The cert itself was showing a date of Jan 6 21:01:36 2020 GMT I was unable to get the console of the failing master compute to verify time. $ openssl x509 -in test.crt -text -noout Certificate: Data: Version: 3 (0x2) Serial Number: 4156550144402622604 (0x39af08558037888c) Signature Algorithm: sha256WithRSAEncryption Issuer: OU = openshift, CN = root-ca Validity Not Before: Jan 6 21:01:36 2020 GMT Not After : Jan 3 21:01:38 2030 GMT Subject: CN = api-int.ci-op-b1g6xzk0-eadb4.origin-ci-int-aws.dev.rhcloud.com
[1] should be part of Go 1.14, due Feb 1 [2], which will help debug time divergence in Ignition logs, etc. [1]: https://github.com/golang/go/pull/34646 [2]: https://github.com/golang/go/milestone/95
Created attachment 1650218 [details] system-log-from-failed-master I think this might be closer to root cause, taked from failed compute. ``` Dependency failed for CoreOS: Mount (subsequent) /sysroot. [ 93.118191] systemd[1]: Dependency failed for CoreOS: Mount (subsequent) /sysroot. [ 93.125087] systemd[1]: ignition-ostree-mount-subsequent-sysroot.service: Job ignition-ostree-mount-subsequent-sysroot.service/start failed with result 'dependency'. Starting OSTree Prepare OS/... [ 93.137402] systemd[1]: dev-disk-by\x2dlabel-root.device: Job dev-disk-by\x2dlabel-root.device/start failed with result 'timeout'. [[0;1;31mFAILED[ 93.147018] systemd[1]: Starting OSTree Prepare OS/... [0m] Failed to start OSTree Prepare OS/. See 'systemctl s[ 93.152507] ostree-prepare-root[1025]: ostree-prepare-root: Couldn't find specified OSTree root '/sysroot//ostree/boot.0/rhcos/973e5ed2d11572ad1c70712cdea80b5b73247682143deb51c3971adbac3fcedd/0': No such file or directory tatus ostree-prepare-root.service' for details. [[0;32m OK [0m] [ 93.16800[ 93.168624] systemd[1]: ostree-prepare-root.service: Main process exited, code=exited, status=1/FAILURE 6] Stopped target Basic System.ostree-prepare-root [1025]: ostree-prepare-root:[ 93.177113] systemd[1]: ostree-prepare-root.service: Failed with result 'exit-code'. Couldn't find specified OSTree root '/sysroot//ostree/boot.0/rhcos/973e5ed2d115[ 93.184188] systemd[1]: Failed to start OSTree Prepare OS/. 72ad1c70712cdea80b5b73247682143deb51c3971adbac3fcedd/0': No such[ 93.189377] systemd[1]: ostree-prepare-root.service: Triggering OnFailure= dependencies. file or directory [[0;32m OK [0m] Stopped target System Initialization. [ 93.197090] systemd[1]: Stopped target Basic System. [[0;32m OK [[ 93.201688] systemd[1]: Stopped target System Initialization. ```
Last I looked the AWS UPI job had a hand-rolled mapping of AMIs. It's likely there's some sort of issue with pivoting from the UPI job's AMI to current 4.3. The real failure here is timing out waiting for the root partition; it looks like the system has a root= kernel argument, but doesn't have a partition with that name? I think I know - if those UPI job AMIs are old, then indeed things would break since https://gitlab.cee.redhat.com/coreos/redhat-coreos/merge_requests/773 IOW - the UPI jobs *need* to use the installer as source of truth - which...yes this came up in https://github.com/openshift/release/pull/6248
OK right, until we conditionalize the AMIs or do the *right thing* and land https://github.com/openshift/installer/pull/2092 this is known broken. Reassigning to installer. The RHCOS team *will not* support users (including CI jobs) using arbitrary pinned AMIs, particularly *across release majors*.

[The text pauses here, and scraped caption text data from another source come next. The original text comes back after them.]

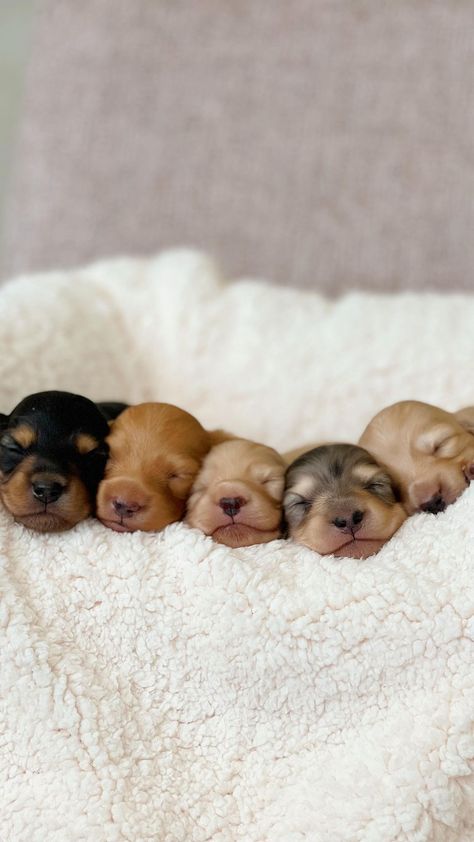 🥜 Peanut’s Instagram post: “Do not disturb 😴” Newborn Puppy Photoshoot Ideas, Puppy Photoshoot Ideas, Puppy Photoshoot, Newborn Puppy, Sheltie Puppy, Puppy Litter, Puppy Pics, Advertising Pictures, Puppy Photography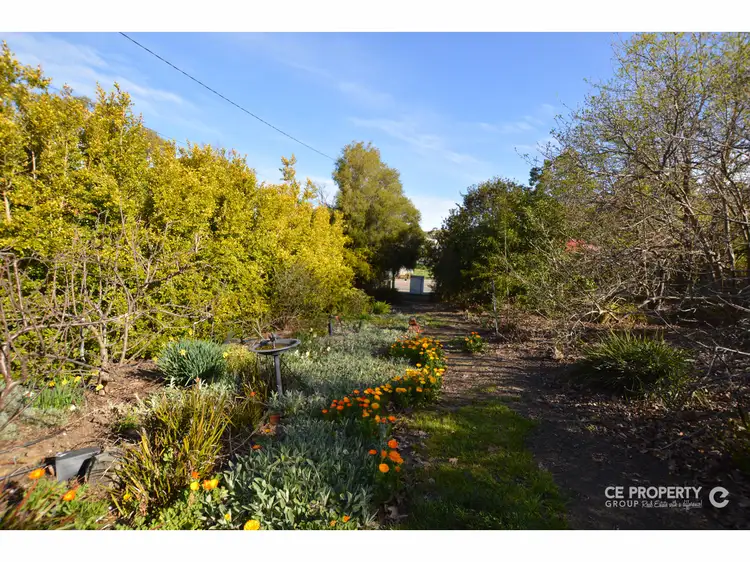 Third view of Homely house listing, 1 Hoopers Road, Tungkillo SA 5236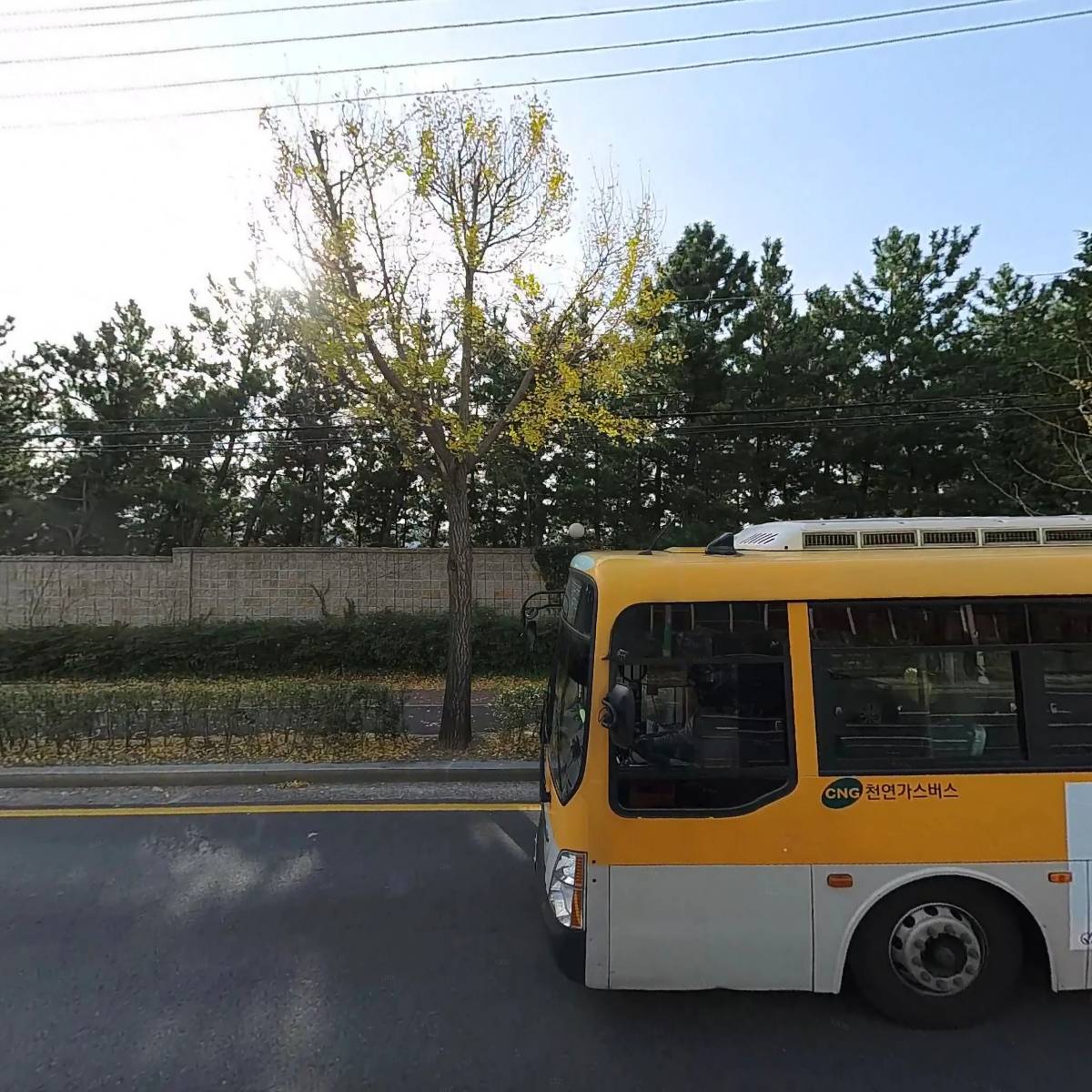 이즈플라워(Is&Co.)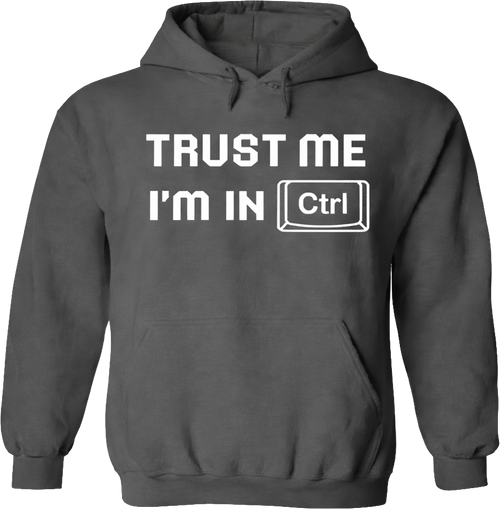 Adult Hoodie - I'm in Ctrl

https://github.com/openshift/release/pull/6586
master is 4.4, setting target release to that. If we need to pick this back, can we create a clone, etc.? Does this job need to be reworked to pull the current AMI from the installer? Is a JIRA card going to get created there?
> Does this job need to be reworked to pull the current AMI from the installer? There is no installer API exposing it's suggested AMI. More on that in bug 1782063 and [1]. [1]: https://github.com/openshift/release/pull/6248
https://github.com/openshift/release/pull/6835 picks the right AMI There are still several e2e tests that seem to represent persistent failures but the installation has been successful in the majority of the jobs since the original PR bumping the image merged and the follow up will ensure the image is correct for the foreseeable future. Expect build cop to follow up on specific test failures.